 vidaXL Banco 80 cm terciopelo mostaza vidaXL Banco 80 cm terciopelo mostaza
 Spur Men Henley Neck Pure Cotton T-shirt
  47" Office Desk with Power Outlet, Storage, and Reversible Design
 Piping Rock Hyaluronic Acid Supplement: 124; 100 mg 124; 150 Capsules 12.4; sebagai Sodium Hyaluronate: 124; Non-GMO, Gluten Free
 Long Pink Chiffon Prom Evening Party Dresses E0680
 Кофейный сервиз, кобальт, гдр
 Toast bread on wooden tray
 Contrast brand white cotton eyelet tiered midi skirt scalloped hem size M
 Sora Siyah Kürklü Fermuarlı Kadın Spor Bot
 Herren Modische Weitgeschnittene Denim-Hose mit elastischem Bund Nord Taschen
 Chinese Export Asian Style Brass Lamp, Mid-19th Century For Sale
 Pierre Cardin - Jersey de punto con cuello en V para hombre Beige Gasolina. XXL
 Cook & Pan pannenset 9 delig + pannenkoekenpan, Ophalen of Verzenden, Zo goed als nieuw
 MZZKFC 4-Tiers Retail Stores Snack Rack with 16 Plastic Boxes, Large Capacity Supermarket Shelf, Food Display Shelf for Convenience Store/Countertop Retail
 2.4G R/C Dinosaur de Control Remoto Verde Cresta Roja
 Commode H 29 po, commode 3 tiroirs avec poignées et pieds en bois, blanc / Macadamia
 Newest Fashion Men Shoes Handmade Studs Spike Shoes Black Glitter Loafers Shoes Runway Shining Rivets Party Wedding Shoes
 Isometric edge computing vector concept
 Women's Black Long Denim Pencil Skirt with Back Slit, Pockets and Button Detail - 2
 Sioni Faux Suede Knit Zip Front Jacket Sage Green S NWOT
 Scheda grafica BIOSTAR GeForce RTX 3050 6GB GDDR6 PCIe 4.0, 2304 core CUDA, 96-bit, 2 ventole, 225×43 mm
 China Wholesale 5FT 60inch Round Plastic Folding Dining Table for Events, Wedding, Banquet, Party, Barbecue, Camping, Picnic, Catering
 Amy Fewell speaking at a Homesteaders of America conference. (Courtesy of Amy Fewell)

*Task objective*
The answer should be only a number: the count of lines in the listing above that contain the word "with".

*Exercise output*
3